- Date: 17 October – 6 November 1996
- Location: India
- Result: India won the tri-series
- Player of the series: Anil Kumble

Teams
- India: Australia / South Africa

Captains
- Sachin Tendulkar: Mark Taylor / Hansie Cronje

Most runs
- Sachin Tendulkar (320): Mark Taylor (302) / Gary Kirsten (307)

Most wickets
- Anil Kumble (14): Paul Reiffel (4) Glenn McGrath (4) / Allan Donald (17)

= Titan Cup =

International cricket tournament

The Titan Cup was a triangular One Day International cricket tournament held in India between 17 October and 6 November 1996 involving South Africa, Australia and India. Although South Africa had won all its round-robin matches, it lost in the final to India. The tournament was sponsored by and named after Titan Industries (a subsidiary of the Tata Group).

==Background==
The Titan Cup was held after the inaugural series of the Border–Gavaskar Trophy between India and Australia. It was a one-Test series held in New Delhi, and was won by India, and served as the commencement of South Africa's tour of India later that season. Having won the Pepsi Sharjah Cup and five out of their six matches in the World Cup that year, South Africa were considered favorites to win the competition. They were also coming on the back of winning a four-nation ODI tournament, the Kenya Centenary Cup, where they defeated a strong Pakistan side in the final, and having lost only one game leading into the final, that to world champions Sri Lanka. Captain Hansie Cronje admitted that his side were "in cracking one-day form" before the Titan Cup commenced. Australia, the runners-up in the World Cup, were considered second favorites. India, having not won any ODI competition leading into the tournament, had seen the team captaincy change hands from veteran Mohammad Azharuddin to the then 23-year-old star batsman Sachin Tendulkar.
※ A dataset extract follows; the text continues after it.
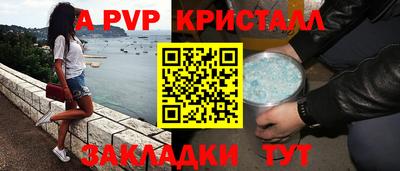 стаф Кингисепп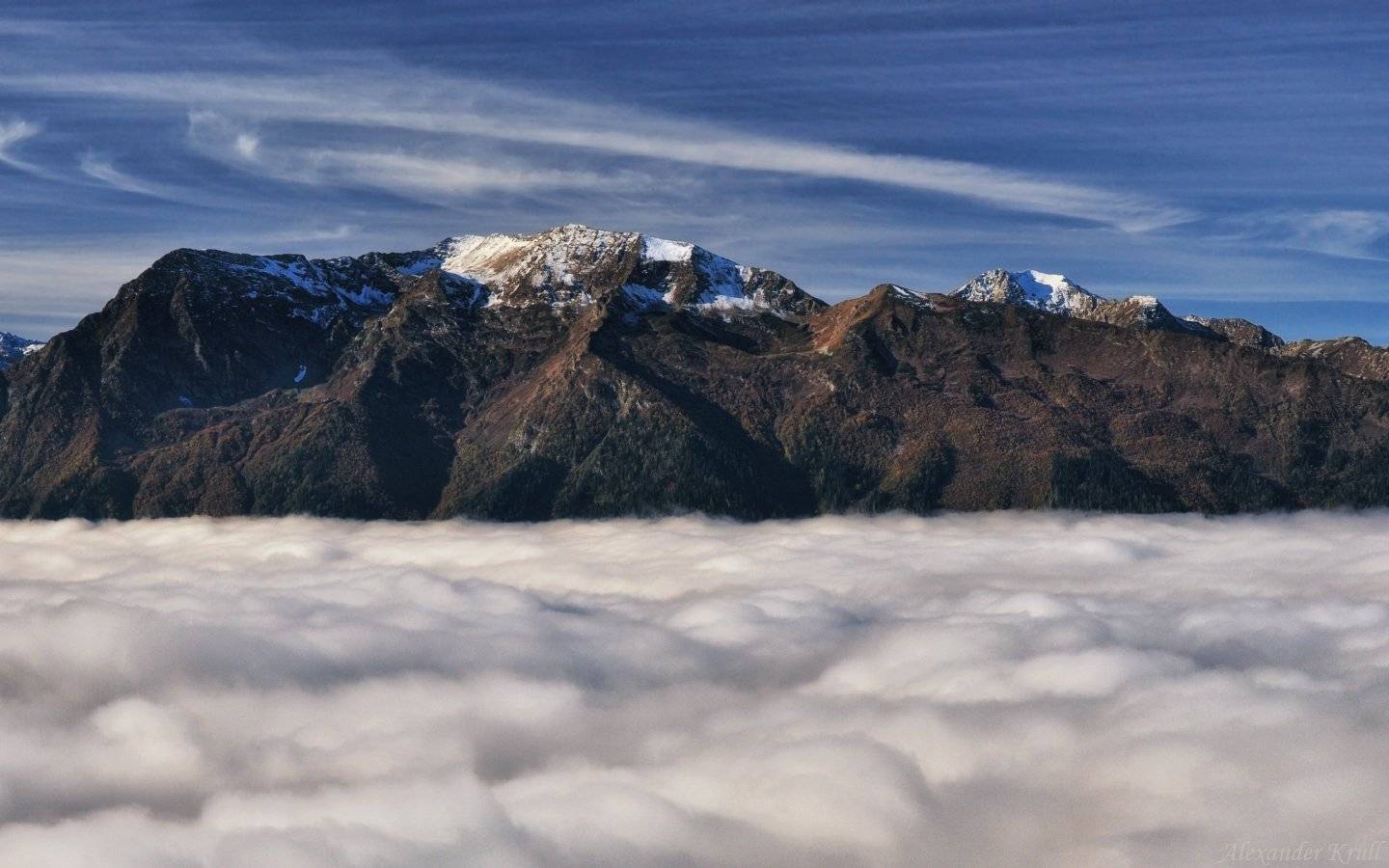 , Александр Круль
Before their first game against India, South Africa played a practice game in Gymkhana Ground in Secunderabad dividing themselves into two teams and with members of the Hyderabad, the local first-class team.

==Squads==

| India | Australia | South Africa |
|---|---|---|
| Sachin Tendulkar (c); Anil Kumble (vc); Salil Ankola; Mohammad Azharuddin; Pankaj Dharmani; Rahul Dravid; Sourav Ganguly; Ajay Jadeja; Sunil Joshi; Aashish Kapoor; Nayan Mongia (wk); Venkatesh Prasad; Vikram Rathore; Navjot Singh Sidhu; Robin Singh; Sujith Somasunder; Javagal Srinath; | Mark Taylor (c); Michael Bevan; Damien Fleming; Adam Gilchrist (wk); Jason Gillespie; Ian Healy (wk); Brad Hogg; Stuart Law; Glenn McGrath; Paul Reiffel; Michael Slater; Shane Warne; Mark Waugh; Steve Waugh; | Hansie Cronje (c); Nicky Boje; Derek Crookes; Daryll Cullinan; Fanie de Villiers; Allan Donald; Herschelle Gibbs; Andrew Hudson; Gary Kirsten (vc); Lance Klusener; Brian McMillan; Dave Richardson (wk); Jonty Rhodes; Pat Symcox; |

The South Africa coaching staff was headed by Bob Woolmer, with Robbie Muzzell accompanying the squad as the manager. The squad arrived in India on 14 October 1996 without their four regular team players: medium pace bowler Craig Matthews, all-rounder Jacques Kallis, all-rounder Shaun Pollock and spinner Paul Adams. Gary Kirsten was named the new vice-captain of the side.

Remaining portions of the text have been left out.